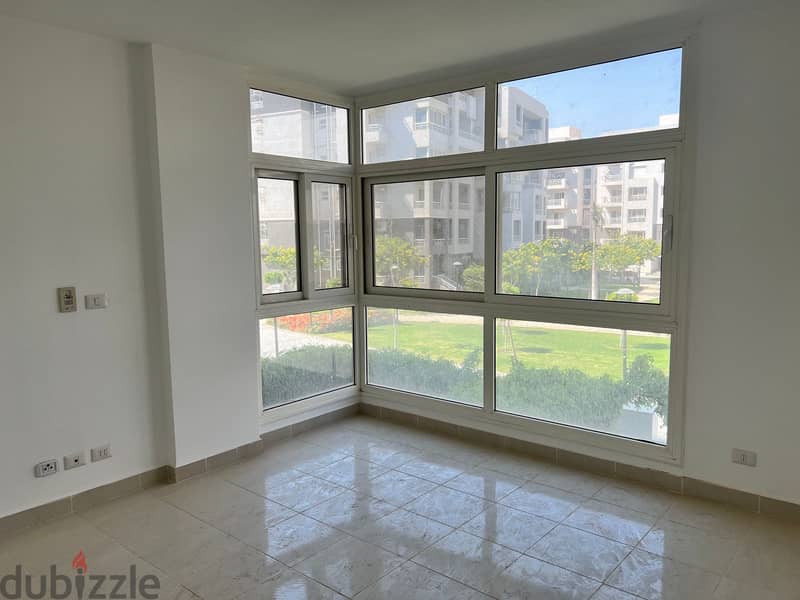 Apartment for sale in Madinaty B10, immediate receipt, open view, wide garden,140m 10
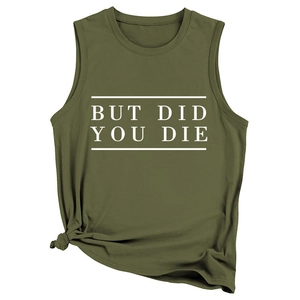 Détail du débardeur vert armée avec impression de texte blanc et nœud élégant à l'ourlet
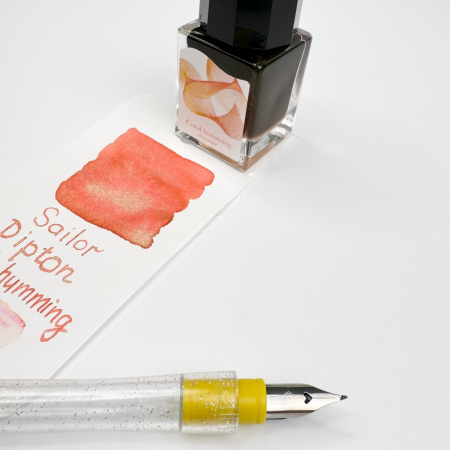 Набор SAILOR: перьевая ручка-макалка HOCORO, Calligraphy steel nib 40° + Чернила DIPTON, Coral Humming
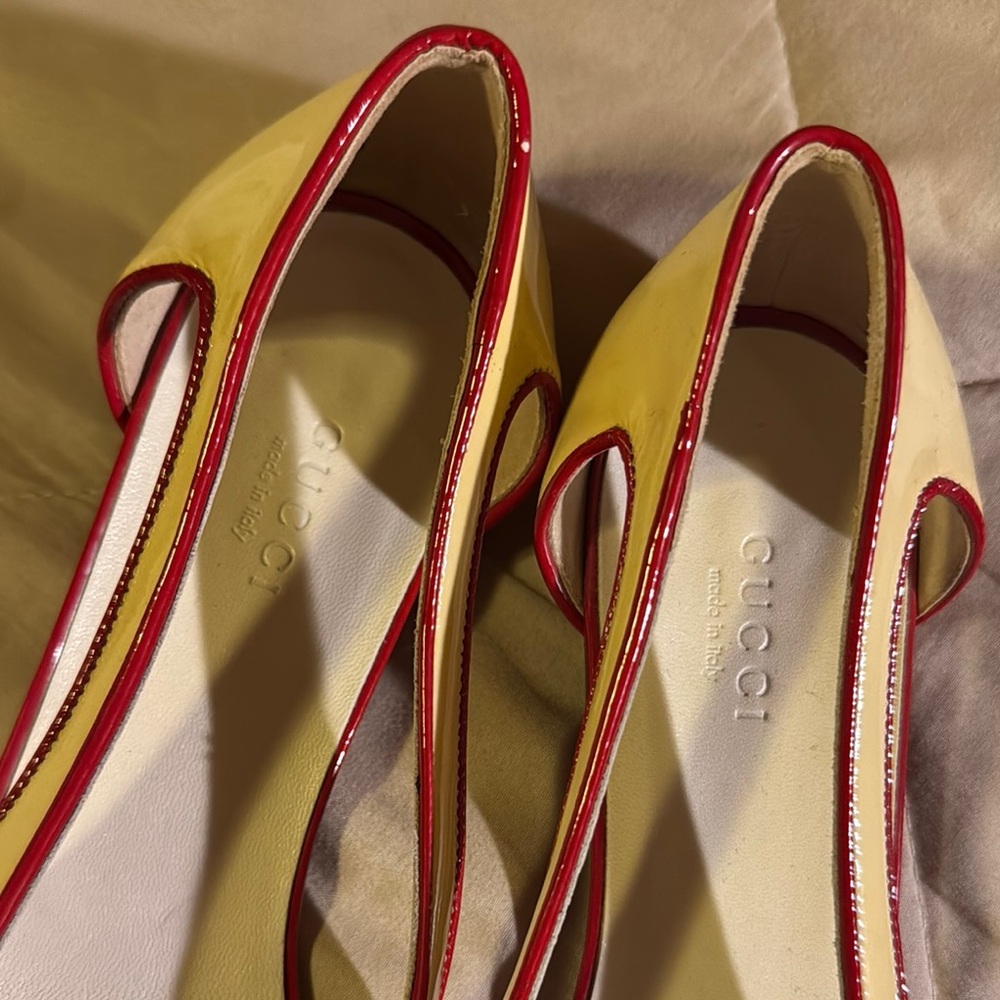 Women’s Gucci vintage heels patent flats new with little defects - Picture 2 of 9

## ABOUT THIS EXERCISE
Here the lines from the one containing "Набор SAILOR: перьевая" through the end of the material are to be copied exactly, with the pictures omitted.

## REPLY
 Набор SAILOR: перьевая ручка-макалка HOCORO, Calligraphy steel nib 40° + Чернила DIPTON, Coral Humming
 Women’s Gucci vintage heels patent flats new with little defects - Picture 2 of 9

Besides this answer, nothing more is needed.